• What this task involves: Pictures should be omitted from your copy. Everything else in the entries below must be restated word for word.

Given data: Begin

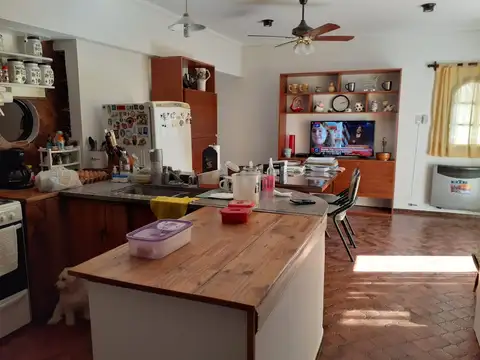 PEDRO ETCHEGOYEN 400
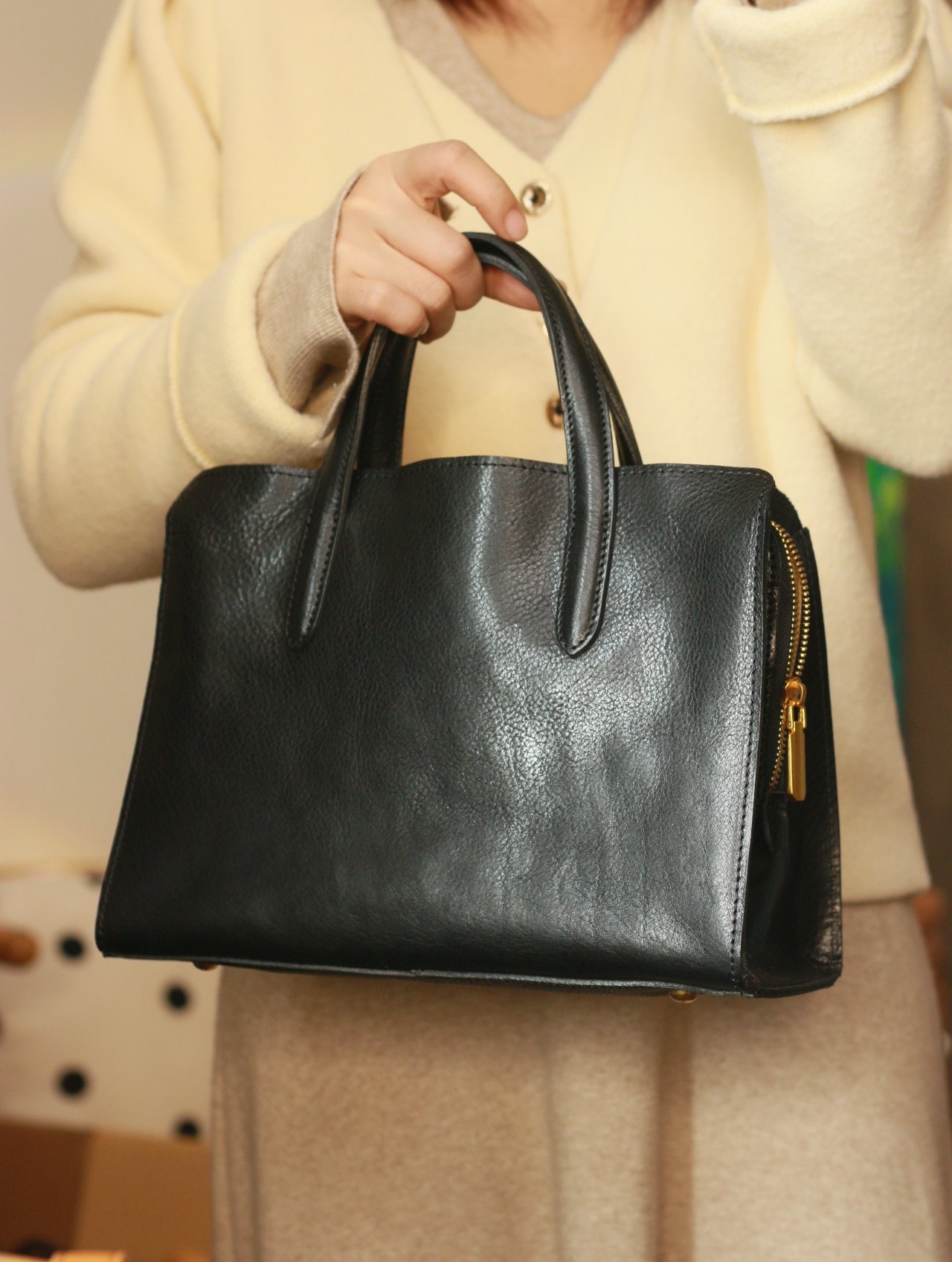 特价真皮头层牛皮多隔层都市简约通勤手拎包斜挎包精品高货,箱包皮具/热销女包/男包,通用款女包,淘宝优惠券,粉丝福利购,淘宝优惠卷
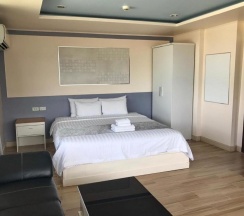 Семейный люкс с видом на море в The Beach Front Resort Pattaya  - SHA Plus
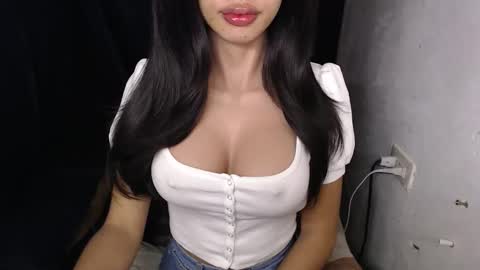 Snapshot of miss_jackelyn chatting on 04-01-26, 12:39 Lyn online show from 04-01-26, 12:39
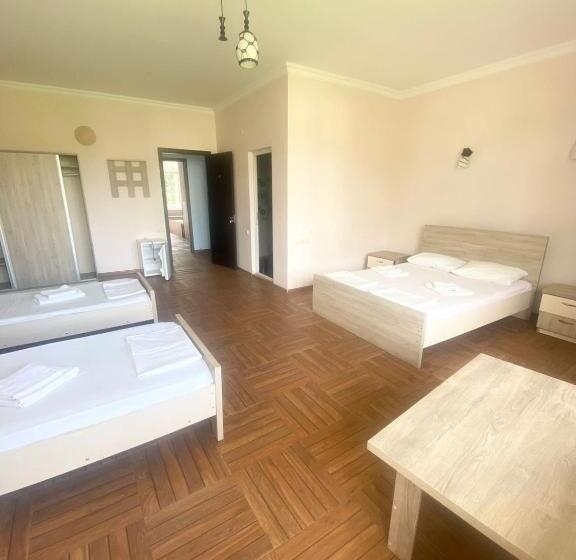 هتل Nine Brothers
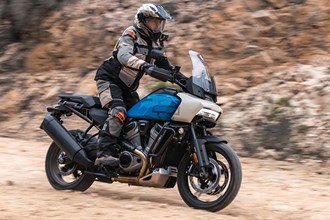 Erster Test der "überarbeiteten" Pan America 1250 Special 2022 Erster Test der "überarbeiteten" Pan America 1250 Special 2022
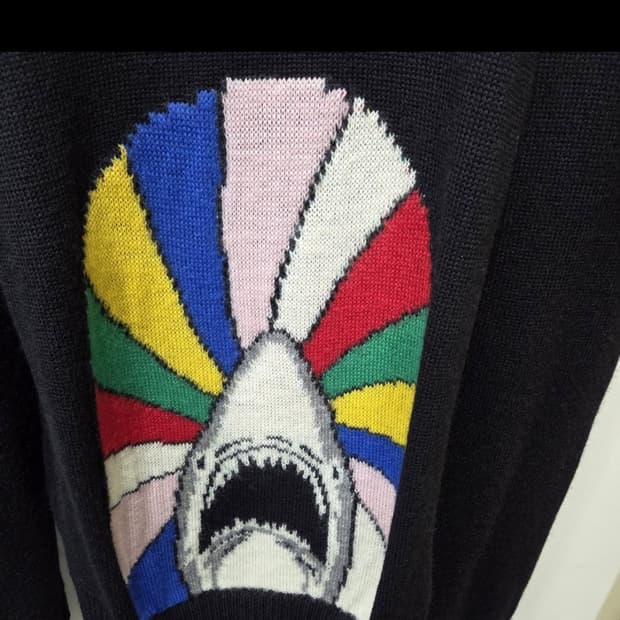 생로랑 샤크 니트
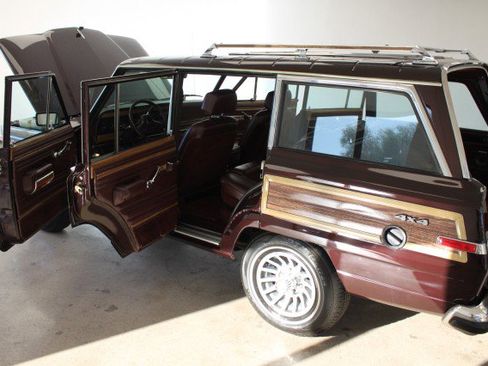 Used 1989 Jeep Grand Wagoneer image 51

Given data: End

• Completed task:
 PEDRO ETCHEGOYEN 400
 特价真皮头层牛皮多隔层都市简约通勤手拎包斜挎包精品高货,箱包皮具/热销女包/男包,通用款女包,淘宝优惠券,粉丝福利购,淘宝优惠卷
 Семейный люкс с видом на море в The Beach Front Resort Pattaya  - SHA Plus
 Snapshot of miss_jackelyn chatting on 04-01-26, 12:39 Lyn online show from 04-01-26, 12:39
 هتل Nine Brothers
 Erster Test der "überarbeiteten" Pan America 1250 Special 2022 Erster Test der "überarbeiteten" Pan America 1250 Special 2022
 생로랑 샤크 니트
 Used 1989 Jeep Grand Wagoneer image 51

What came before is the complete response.